Annual General Meeting in Securitas Direct AB (publ)


Press release                                                                   
13 April 2007                                                                   

Annual General Meeting in Securitas Direct AB (publ)                            

The Shareholders of Securitas Direct AB are hereby invited to attend the Annual 
General Meeting (“AGM”) to be held at 4.00 p.m. CET on Wednesday 16 May 2007, at
the Scandic S:t Jörgen Hotel, Stora Nygatan 35, Malmö, Sweden. Registration for 
the AGM starts at 3.00 p.m. CET.                                                

A. 	RIGHT TO PARTICIPATE                                                        

Shareholders who wish to attend the AGM must:                                   

be recorded in the share register kept by the Swedish Central Securities        
Depository (“VPC AB”) on Thursday 10 May 2007, and                              

notify the company of their intention to attend the AGM in writing to Securitas 
Direct AB, “AGM”, P.O. Box 47011, SE-100 74 Stockholm, Sweden, or by telephone  
+46 8 775 80 27, by telefax +46 8 775 01 95 marked “Securitas Direct AGM” or    
via the company's website at www.securitas-direct.com, no later than Thursday 10
May 2007 at 4.00 p.m. CET.                                                      

When giving notice of attendance, the shareholder shall state name, address,    
telephone number (daytime), personal ID number or corporate ID number and number
of shares. Shareholders represented by proxy must submit an original power of   
attorney together with the notice of attendance. Representatives of legal       
entities must in addition thereto provide a copy of a registra­tion certificate 
or similar document of authorisation, indicating the signatories of the legal   
entity.                                                                         

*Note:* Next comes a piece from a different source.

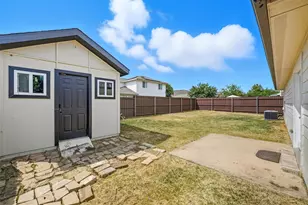 219 Hilltop Dr, Justin, TX 76247 - Photo 28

Shareholders with nominee-registered shares must, in order to be entitled to    
participate in the AGM, have their shares temporarily owner-registered with VPC 
AB by Thursday 10 May 2007, at the latest. Such shareholders must therefore     
notify their nominees in due time before the said date.                         

An entrance card will be sent by mail to shareholders that have given notice of 
attendance as set out above. The entrance card shall be brought and presented at
the AGM.                                                                        


B. 	MATTERS AT THE AGM                                                          

Proposed agenda                                                                 

Opening of the Meeting.                                                         
Election of Chairman of the Meeting.                                            
Preparation and approval of the voting list.                                    
Approval of the agenda.                                                         
Election of one or two person(s) to check the minutes.                          
Examination of whether the Meeting has been properly convened.                  
Report by the CEO.                                                              
Presentation of the Annual Report and the Auditor's Report as well as the       
Consolidated Financial Statements and the Group Auditor's Report                
Resolutions regarding                                                           
the adoption of the Income Statement and the Balance Sheet as well as the       
Consolidated Income Statement and the Consolidated Balance Sheet as per         
31                                                                              
December 2006;                                                                  
the appropriation of the company's profit according to the adopted Balance      
Sheet;                                                                          
the discharge of the Board of Directors and the CEO from liability for the      
financial year 2006.                                                            
10.	Determination of the number of Board members.                               
11.	Determination of fees to the Board members.                                 
12.	Election of Board members.                                                  
13.	Election of members of the Nomination Committee.                            
14.	Resolution on the Board's proposed guidelines for remuneration to           
management.                                                                     
15.	Resolution on the Board's proposal on a directed issue of warrants and the  
approval of transfer of warrants, etc. - Incentive Program 2007/2014.           
16.	Resolution on the Board's proposed amendment of the Articles of Association.
17.	Closing of the Meeting.                                                     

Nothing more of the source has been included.